Senate Minority Leader Mitch McConnell (R-KY).Something about market demand goes here. To the one, it is easy enough to mourn last month’s midterm election. To the other, sure, there is certainly some custom suggesting the dignified thing to do would be to move on. The beeblebrox, however, might suggest that the machinations of history during any given period are defined by the contemporary literary record. And if we want a fourth to raise while we sit around licking ourselves we might also wonder whether future considerations of our own contemporary literary record will account for marketplace demand in the context of various interests attempting to shape the historical record.

To wit, it is one thing to consider a legacy of history, another to attempt to manipulate our own legacies as we live our lives. And it is another thing altogether that our society includes a cottage industry dedicated to the shaping of historical narratives.

msnbcRepublicans might have been better off – which is to say, they would have ended up with a more conservative outcome – if they’d actually compromised and taken governing seriously in some key areas.

But McConnell thought it’d be easier to win through scorched-earth obstructionism.

Again, as of next month, he’ll be the Senate Majority Leader, so maybe he doesn’t care about the substantive setbacks. But for all the GOP gains at the ballot box, it’s Obama, not Republicans, moving a policy agenda forward.

(Benen)

The question of punditry takes on an interesting context when experts in subjective rhetoric enjoy increased marketplace demand while actual expert consultation faces public sector hostility.

But it is all ultimately part of the same narrative. Mr. Benen might sound akin to grasping at straws, but the 2014 midterm really was phenomenally demonstrative of something. Nobody is certain just what, but consider this context within the narrative: What does playing the centrist game get liberals? Trounced by rightist extremism.

Really, though, just how liberal are Democrats? Really?

____________________

Benen, Steve. “Mitch McConnell and the limits of scorched-earth obstructionism”. msnbc. 1 December 2014.

Abrams, Lindsay. “House Republicans just passed a bill forbidding scientists from advising the EPA on their own research“. Salon. 19 November 2014.

An Attempt to Explain Republicans to an Overseas Neighbor

WASHINGTON, DC - MARCH 29: Rep. David Schweikert (R-AZ) (C) speaks during a news conference to introduce a GOP-sponsored Fannie Mae and Freddie Mac reform. (Photo: Chip Somodevilla)

Ed. note: The following is a repost of a Facebook comment offered to a friend from New Zealand who is constantly baffled by what he witnesses in the American political process, and happened to inquire about Republican efforts to … well, right. It has to do with recent House bills pertaining to the role of science in government policy.

I think the best way to explain it is to once again invoke a Cold War analogy; after all, depicting Democrats as “liberals”, with “liberals” meaning “Soviet Communists” was a key to Ronald Reagan’s electoral success.

But think about it this way, too: By that analogy, Republicans are the “capitalists”.

So it goes, then, that if we look at votes as “capital”, then the actions of the RNC, Congressional Republicans, and various surrogates and allies make sense: Get the capital by whatever means necessary.

That’s why the whole thing is so puzzling to people who, you know, have a conscience. The GOP ain’t playin’ that way. This is about winning votes, and nothing more. And in the United States, conservative voters will take whatever they can get to reinforce their platform. Additionally, superstition and subjective moral outrage are much more attractive to most American voters than obvious logic that, if attended, would skip the melodrama and slapstick that has become our political system.

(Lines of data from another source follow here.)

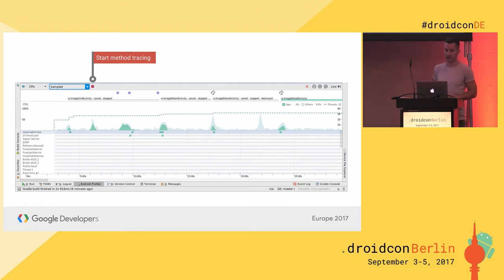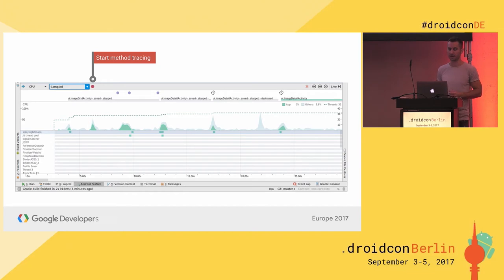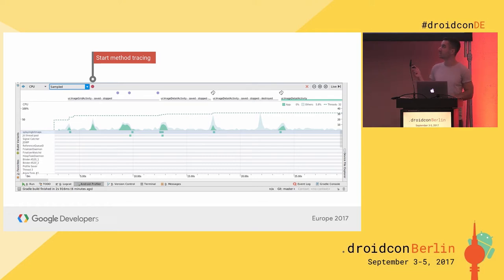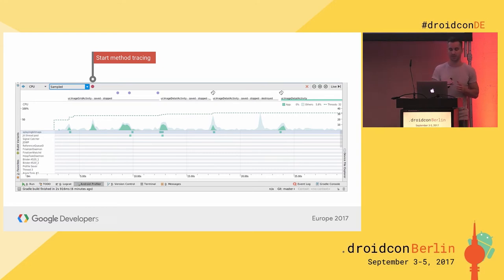There are two ways to trace your app. By default, the sampled tracer is enabled, which checks every X milliseconds whatever method is running — this has low overhead so you get pretty accurate measurements. The other way is to switch to instrumented, which measures every method enter and exit so you can accurately see every method that ever ran in your app. Be advised that this has some larger overhead.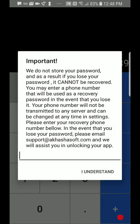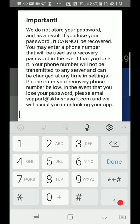After you set up your passcode, you'll be asked to enter a recovery code. This code is used to reset your passcode in case you forget it.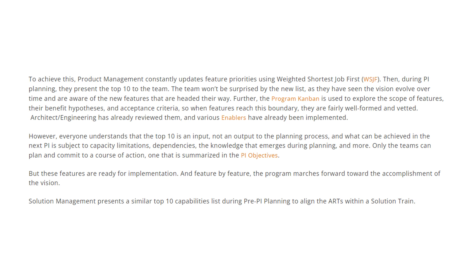Similarly, the solution management team presents a similar 10 capabilities during the pre-PI planning to align the ARTs within the solution train.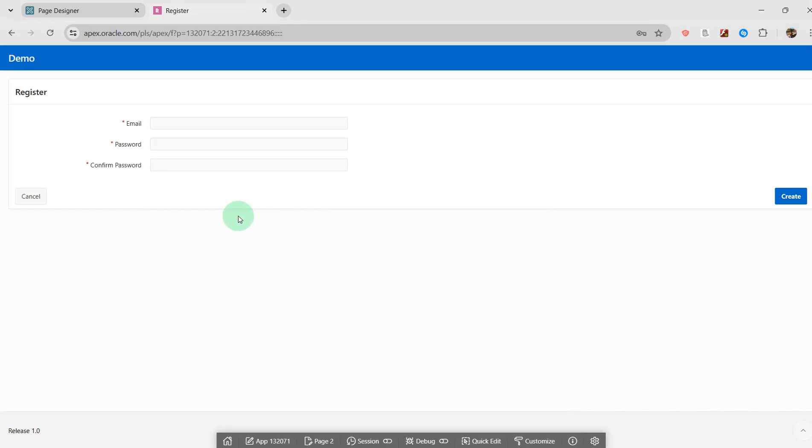For advice in this video, I am going to talk about how to validate the email address in Oracle APEX using the regular expression or regex.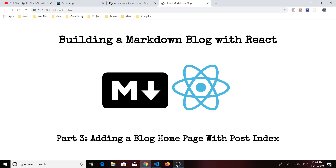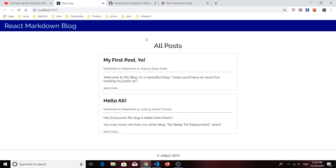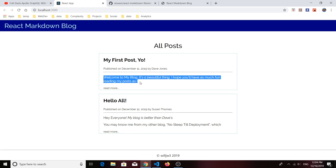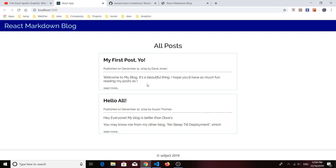Hey everyone, thanks for joining me again. This is the third in a series of videos on how to build a markdown blog with React. In this video we're actually going to add the blog's homepage, which is just going to be a list of blog posts or a post index. It's not going to be anything too fancy, and when we're done today hopefully we'll end up with something that looks like this.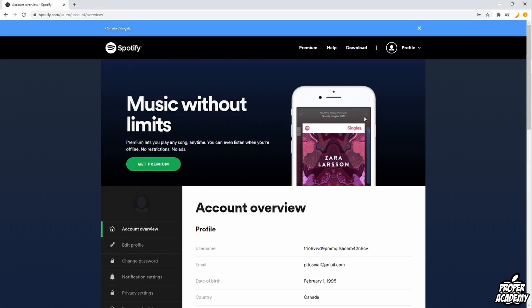Once you're on Spotify.com you want to sign into your account and then once you're signed in you'll see this page right here to your account overview.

To that end, we might consider Manichean dualisms or, simply, reality television. Just as many people believe in a basic struggle between good and evil, so also do many people believe reality television depicts reality.

In that context, it becomes a capitalistic ratings game; our elections become a functional part of our entertainment industry.

What Republicans are trying to do here is twofold: (1) Bolster their own political fantasies by excluding reality; (2) create a situation in which government will experience an even greater failure about its performance of duty so that they can complain even louder that government just doesn’t work.

____________________

Abrams, Lindsay. “House Republicans just passed a bill forbidding scientists from advising the EPA on their own research”. Salon. 19 November 2014.

Benen, Steve. “Republicans take aim at imaginary target: ‘secret science'”. msnbc. 20 November 2014.